On 20/09/2010 04:21, Robert S. Horning wrote:
On 09/19/2010 06:52 PM, wiki-list(a)phizz.demon.co.uk
wrote:
On 20/09/2010 00:26, Robert S. Horning wrote:
I'm not entirely sure how accurate this is, so I'm just making a
raw conjecture here that is completely unsupported by facts other
than perhaps by general observations:
Is it possible that the problem with the humanities-related
articles on Wikipedia has more to do with the lack of an existing
culture of "copyleft" or public domain collaboration? It has
taken literally decades of effort that go back even a couple of
decades earlier of similar efforts to put together what is today
the "open source movement" that has produced things like Linux,
the GNU tools, and software like Apache. Wikipedia is a product
of this environment too, where many of those who have
participated in developing open source software don't hesitate to
at least add a couple of paragraphs to Wikipedia.

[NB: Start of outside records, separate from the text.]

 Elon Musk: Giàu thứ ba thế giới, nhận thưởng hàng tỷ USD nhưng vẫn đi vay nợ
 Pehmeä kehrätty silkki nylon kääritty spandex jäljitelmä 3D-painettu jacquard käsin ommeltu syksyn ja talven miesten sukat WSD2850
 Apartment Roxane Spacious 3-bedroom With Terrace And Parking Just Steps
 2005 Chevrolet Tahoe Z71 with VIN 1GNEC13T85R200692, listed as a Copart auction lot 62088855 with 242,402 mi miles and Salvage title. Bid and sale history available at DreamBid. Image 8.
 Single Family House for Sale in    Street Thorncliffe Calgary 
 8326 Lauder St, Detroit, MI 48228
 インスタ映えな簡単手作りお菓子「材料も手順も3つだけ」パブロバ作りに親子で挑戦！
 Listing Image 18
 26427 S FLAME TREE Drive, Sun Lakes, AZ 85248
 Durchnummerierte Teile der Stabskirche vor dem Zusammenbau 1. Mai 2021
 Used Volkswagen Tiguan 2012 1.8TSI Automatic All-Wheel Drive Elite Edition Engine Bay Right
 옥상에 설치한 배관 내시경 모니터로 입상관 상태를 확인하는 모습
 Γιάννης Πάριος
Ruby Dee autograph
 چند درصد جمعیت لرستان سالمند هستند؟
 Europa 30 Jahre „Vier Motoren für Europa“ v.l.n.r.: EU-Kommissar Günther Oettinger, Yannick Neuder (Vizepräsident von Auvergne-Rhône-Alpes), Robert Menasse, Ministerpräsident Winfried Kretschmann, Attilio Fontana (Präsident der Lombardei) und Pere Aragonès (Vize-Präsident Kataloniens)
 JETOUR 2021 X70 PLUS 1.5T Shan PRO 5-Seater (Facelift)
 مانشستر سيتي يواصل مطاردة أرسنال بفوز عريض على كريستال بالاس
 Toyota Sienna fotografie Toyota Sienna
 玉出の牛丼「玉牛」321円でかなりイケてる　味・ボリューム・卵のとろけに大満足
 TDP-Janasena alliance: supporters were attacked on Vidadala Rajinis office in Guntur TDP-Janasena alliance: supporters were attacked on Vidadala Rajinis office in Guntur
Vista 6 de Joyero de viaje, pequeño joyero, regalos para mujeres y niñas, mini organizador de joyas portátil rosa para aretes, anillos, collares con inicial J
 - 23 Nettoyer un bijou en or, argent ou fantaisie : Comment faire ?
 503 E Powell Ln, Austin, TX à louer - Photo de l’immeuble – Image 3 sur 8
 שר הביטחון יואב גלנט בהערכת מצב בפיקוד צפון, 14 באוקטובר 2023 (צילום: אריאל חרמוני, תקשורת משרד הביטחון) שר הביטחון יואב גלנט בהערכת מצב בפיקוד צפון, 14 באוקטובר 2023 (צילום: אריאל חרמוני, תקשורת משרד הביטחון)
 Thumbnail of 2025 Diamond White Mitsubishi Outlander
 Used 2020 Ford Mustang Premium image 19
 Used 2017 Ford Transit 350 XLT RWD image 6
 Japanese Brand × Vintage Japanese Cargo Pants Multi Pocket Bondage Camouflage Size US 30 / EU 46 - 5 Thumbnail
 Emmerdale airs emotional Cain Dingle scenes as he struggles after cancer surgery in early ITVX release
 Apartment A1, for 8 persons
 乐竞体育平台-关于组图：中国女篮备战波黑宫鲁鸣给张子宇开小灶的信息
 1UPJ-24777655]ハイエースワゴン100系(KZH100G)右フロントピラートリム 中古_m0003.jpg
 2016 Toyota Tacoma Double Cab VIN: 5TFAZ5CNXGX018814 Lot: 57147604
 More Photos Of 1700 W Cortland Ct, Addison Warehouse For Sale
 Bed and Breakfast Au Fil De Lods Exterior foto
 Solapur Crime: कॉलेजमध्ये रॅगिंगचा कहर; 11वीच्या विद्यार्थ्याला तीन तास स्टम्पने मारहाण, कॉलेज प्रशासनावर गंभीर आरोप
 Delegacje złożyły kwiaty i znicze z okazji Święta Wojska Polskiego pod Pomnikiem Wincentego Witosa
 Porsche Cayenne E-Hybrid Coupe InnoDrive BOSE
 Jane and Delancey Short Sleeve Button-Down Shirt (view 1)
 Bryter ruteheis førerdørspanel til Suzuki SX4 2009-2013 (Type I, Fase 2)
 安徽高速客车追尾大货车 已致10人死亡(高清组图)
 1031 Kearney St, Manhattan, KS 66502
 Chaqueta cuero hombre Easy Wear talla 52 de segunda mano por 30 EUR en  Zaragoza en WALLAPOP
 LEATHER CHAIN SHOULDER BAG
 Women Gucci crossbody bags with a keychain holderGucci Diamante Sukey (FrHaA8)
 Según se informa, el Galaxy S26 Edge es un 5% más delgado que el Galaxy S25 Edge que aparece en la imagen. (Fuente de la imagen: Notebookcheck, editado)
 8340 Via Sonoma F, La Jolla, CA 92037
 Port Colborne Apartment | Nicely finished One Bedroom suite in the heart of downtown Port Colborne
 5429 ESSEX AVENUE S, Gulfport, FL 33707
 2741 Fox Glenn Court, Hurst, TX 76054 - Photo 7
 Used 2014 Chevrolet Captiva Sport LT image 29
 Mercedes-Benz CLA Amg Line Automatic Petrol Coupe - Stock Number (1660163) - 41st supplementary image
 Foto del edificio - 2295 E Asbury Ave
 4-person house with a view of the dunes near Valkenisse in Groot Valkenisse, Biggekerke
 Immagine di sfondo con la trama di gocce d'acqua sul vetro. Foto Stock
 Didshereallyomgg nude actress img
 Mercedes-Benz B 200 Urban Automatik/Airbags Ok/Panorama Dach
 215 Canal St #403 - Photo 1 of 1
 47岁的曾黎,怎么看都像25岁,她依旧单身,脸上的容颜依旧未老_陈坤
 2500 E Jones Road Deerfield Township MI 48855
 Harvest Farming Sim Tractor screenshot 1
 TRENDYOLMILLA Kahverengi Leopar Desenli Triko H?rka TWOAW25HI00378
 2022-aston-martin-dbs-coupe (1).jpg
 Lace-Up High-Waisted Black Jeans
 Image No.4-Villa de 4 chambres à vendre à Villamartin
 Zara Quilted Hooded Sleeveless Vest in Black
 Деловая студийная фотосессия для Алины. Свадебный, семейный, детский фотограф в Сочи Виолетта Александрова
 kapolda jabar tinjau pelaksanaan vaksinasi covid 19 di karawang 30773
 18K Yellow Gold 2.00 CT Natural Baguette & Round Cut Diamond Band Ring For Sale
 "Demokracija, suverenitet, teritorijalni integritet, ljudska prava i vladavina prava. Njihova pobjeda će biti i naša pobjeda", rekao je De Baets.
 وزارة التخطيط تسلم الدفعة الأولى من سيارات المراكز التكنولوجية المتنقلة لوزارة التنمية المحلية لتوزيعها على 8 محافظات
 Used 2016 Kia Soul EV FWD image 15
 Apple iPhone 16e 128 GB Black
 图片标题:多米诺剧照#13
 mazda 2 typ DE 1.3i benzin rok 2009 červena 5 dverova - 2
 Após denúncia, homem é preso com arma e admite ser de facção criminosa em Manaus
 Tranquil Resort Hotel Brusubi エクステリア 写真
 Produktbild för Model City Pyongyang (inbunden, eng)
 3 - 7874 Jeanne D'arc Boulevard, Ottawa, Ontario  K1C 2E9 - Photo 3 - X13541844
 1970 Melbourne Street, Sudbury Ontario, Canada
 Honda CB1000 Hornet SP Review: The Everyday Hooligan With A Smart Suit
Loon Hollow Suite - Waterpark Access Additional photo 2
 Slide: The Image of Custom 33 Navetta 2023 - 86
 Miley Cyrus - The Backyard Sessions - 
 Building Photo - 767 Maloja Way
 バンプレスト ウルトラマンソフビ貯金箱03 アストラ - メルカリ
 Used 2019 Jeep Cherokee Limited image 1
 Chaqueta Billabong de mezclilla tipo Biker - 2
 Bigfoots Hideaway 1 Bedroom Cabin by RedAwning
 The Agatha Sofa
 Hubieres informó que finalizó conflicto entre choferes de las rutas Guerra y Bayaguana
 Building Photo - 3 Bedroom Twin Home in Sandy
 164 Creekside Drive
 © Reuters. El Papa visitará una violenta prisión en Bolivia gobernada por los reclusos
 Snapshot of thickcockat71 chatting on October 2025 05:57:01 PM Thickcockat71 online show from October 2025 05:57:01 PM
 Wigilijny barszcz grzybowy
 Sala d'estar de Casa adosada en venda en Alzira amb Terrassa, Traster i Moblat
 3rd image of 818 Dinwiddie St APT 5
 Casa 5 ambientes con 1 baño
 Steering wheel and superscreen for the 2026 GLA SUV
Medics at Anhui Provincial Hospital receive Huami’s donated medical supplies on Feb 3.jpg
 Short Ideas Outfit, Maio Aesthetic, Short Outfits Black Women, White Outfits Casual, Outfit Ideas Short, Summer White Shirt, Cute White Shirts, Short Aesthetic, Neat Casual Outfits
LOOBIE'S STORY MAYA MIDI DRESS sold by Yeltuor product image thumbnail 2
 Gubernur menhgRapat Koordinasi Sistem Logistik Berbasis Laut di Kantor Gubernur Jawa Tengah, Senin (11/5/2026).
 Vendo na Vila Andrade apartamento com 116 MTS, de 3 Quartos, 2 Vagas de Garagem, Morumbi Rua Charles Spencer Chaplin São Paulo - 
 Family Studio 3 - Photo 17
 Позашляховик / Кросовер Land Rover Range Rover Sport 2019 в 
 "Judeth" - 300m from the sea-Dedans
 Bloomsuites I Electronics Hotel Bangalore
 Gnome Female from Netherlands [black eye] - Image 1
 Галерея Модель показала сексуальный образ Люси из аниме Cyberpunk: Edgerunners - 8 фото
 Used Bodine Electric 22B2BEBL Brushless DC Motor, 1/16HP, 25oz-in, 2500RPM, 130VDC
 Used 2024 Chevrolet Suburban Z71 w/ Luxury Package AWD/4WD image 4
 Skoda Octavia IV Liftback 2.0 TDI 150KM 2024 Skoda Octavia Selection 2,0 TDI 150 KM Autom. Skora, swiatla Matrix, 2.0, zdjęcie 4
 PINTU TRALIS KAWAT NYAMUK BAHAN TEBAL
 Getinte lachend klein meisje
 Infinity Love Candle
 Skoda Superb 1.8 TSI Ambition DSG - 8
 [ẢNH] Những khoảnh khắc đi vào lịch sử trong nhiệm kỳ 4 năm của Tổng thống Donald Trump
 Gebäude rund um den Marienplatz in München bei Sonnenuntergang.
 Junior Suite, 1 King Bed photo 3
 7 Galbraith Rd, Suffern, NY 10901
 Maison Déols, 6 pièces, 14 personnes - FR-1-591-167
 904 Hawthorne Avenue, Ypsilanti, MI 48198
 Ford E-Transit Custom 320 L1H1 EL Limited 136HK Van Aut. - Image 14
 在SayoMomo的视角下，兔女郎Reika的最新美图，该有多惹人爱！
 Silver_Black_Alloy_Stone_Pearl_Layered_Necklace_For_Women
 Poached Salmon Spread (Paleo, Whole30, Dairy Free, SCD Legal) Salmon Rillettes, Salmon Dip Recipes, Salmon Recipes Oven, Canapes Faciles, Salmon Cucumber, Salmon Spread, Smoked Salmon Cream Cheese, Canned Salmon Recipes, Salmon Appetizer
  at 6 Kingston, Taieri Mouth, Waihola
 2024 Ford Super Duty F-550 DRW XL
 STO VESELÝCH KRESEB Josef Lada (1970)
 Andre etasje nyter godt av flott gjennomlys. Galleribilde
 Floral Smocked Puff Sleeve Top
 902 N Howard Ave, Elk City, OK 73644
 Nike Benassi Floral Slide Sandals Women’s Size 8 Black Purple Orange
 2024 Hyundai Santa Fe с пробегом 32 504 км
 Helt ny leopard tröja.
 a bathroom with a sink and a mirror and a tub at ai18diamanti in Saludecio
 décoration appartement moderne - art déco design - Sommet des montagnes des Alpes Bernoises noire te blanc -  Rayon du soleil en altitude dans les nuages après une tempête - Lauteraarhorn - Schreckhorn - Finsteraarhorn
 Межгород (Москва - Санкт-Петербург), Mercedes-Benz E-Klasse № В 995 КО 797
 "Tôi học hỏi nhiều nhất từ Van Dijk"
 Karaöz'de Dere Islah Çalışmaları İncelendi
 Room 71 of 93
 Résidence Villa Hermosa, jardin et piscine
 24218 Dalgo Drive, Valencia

Linux, Apache, and the GNU Tools were the work of a handful of
people. Others have come along and added a bit here or there or
fixed something or other but I bet that if I were to look at the
core source code for Emacs to day it wouldn't be that much
different from when I worked on it 20 years ago.
Software changes either work or they don't and any change ought to
be testable to demonstrate that it adds some new feature or fixes
something broken. But there is a problem with software changes in
that most changes tend to degrade the overall quality of the
product in some way. Overtime, unless someone steps in and does a
rewrite the code becomes a mess, and it happened one change at a
time.
The same is true of wikipedia articles, edit by edit, they tend to
degrade. There comes a point when they are 'done' and they knob
polishers need to be told to bugger off and leave them alone.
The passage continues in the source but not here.